Only the lines from the one containing "Miguel Alba profile picture" through the end of the listing are to be repeated, exactly and without pictures.

## Record extracts
>>>>

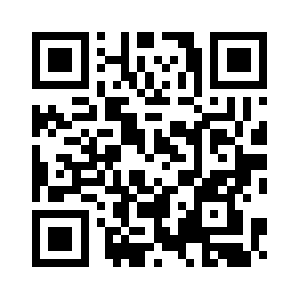 Bayaniccamasirlari.net QR code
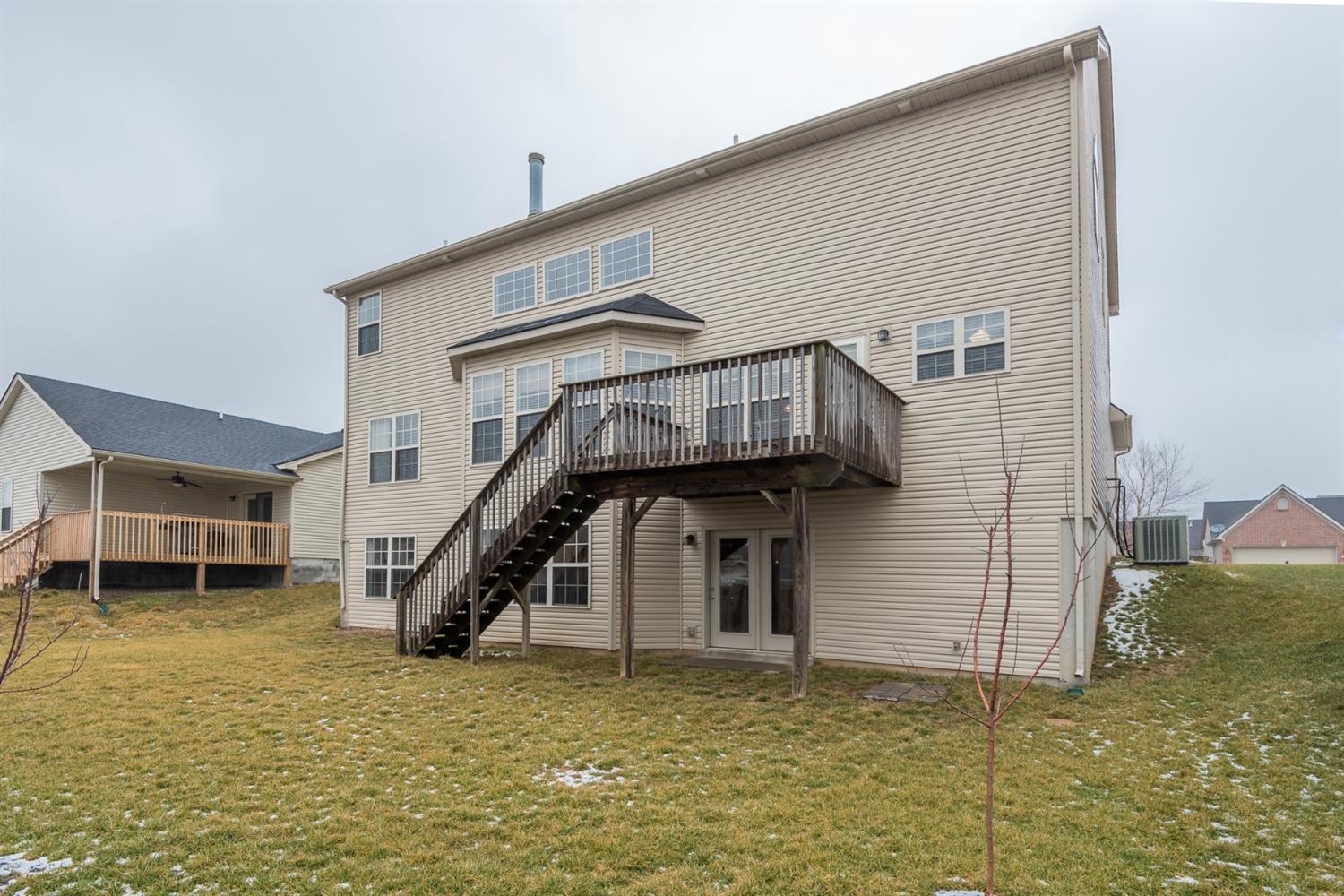 109 Brahms Ct, Georgetown, KY 40324 photo 49
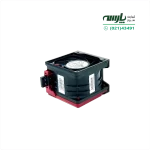 فن سرور HP DL360 G9 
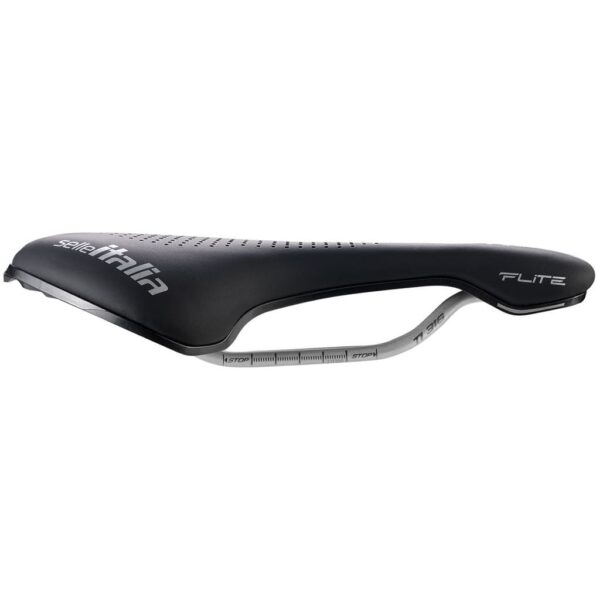Selle-Italia-Max-Flite-Boost-Gel-Sattel.jpg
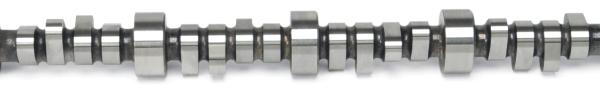 Edelbrock 2108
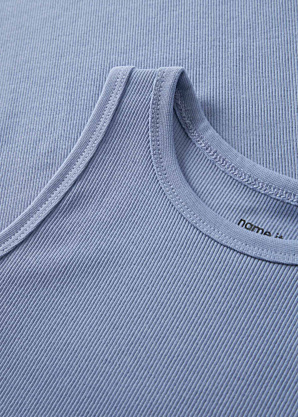 Name It Kids kleit Nakal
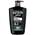 L'Oréal Men Expert Pure Carbon
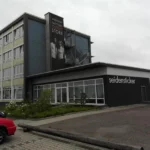Seidensticker Outlet Rheda-Wiedenbrück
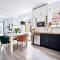 GuestReady - Lovely retreat with garden in London - Londýn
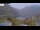 Webcam in Geiranger, 282.2 km entfernt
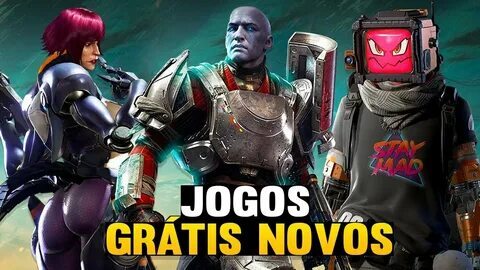 lotofacil 3336 
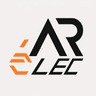 Arélec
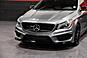 2015 Mercedes-Benz CLA45 AMG Performance Package 4-Matic 4dr Sedan Chicago IL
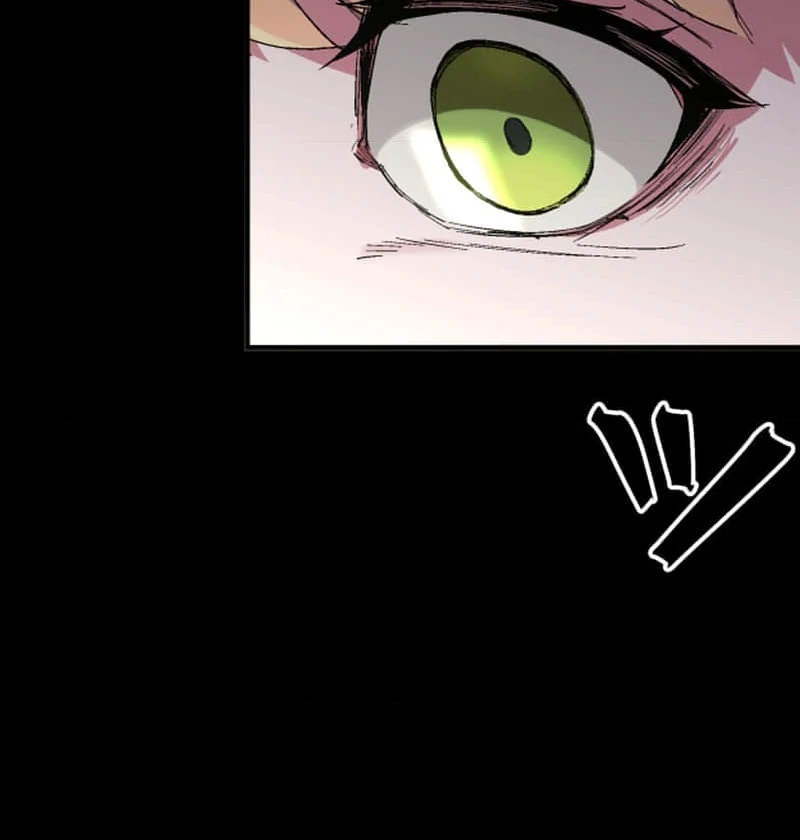 Night of the Haunted Live Stream chapter 6 page 36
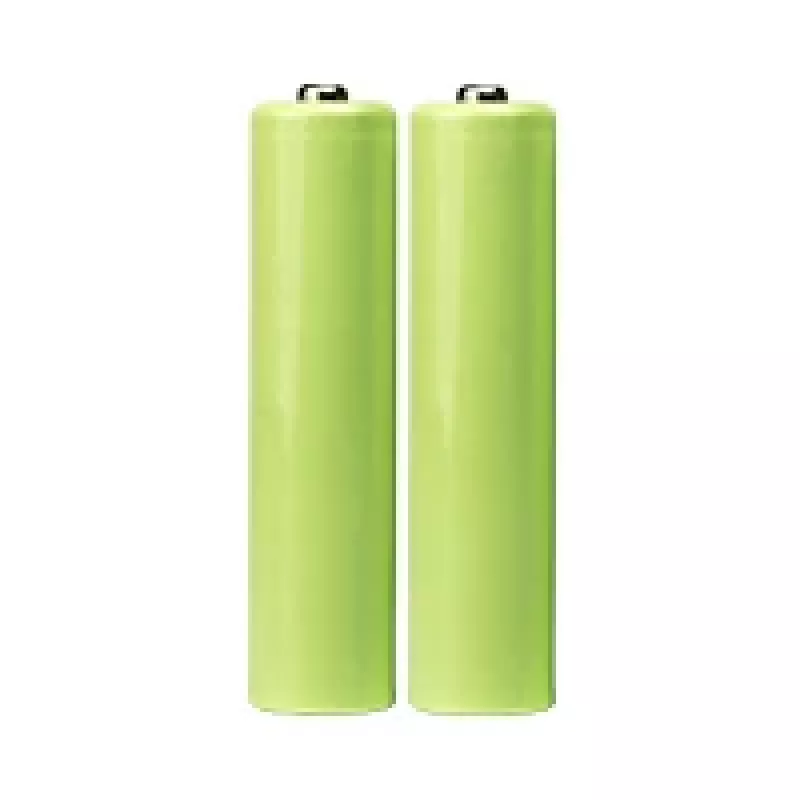 Socket Mobile CHS Series 7 - Baterija 2 x AAA - NiMH - (įkraunama)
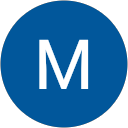 Miguel Alba profile picture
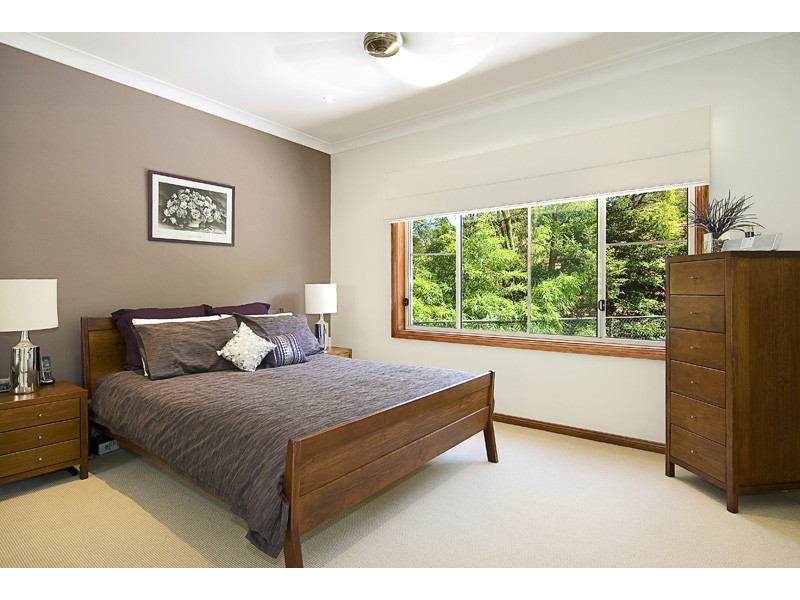 96a River Road, Greenwich NSW 2065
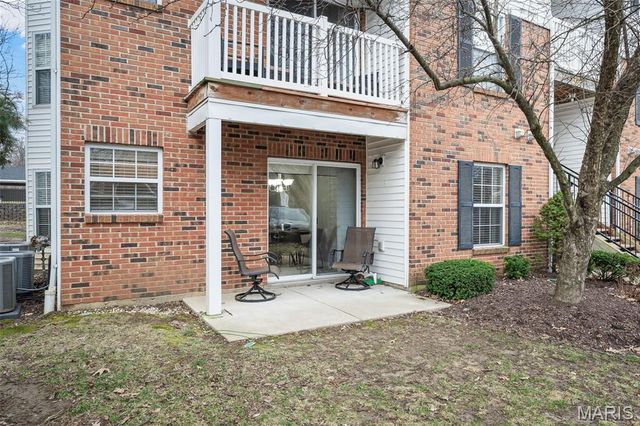 430 Benton Drive C, St Peters, MO 63376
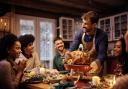 Save this Christmas by planning the cheapest days to buy your turkey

<<<<

## Exercise output
 Miguel Alba profile picture
 96a River Road, Greenwich NSW 2065
 430 Benton Drive C, St Peters, MO 63376
 Save this Christmas by planning the cheapest days to buy your turkey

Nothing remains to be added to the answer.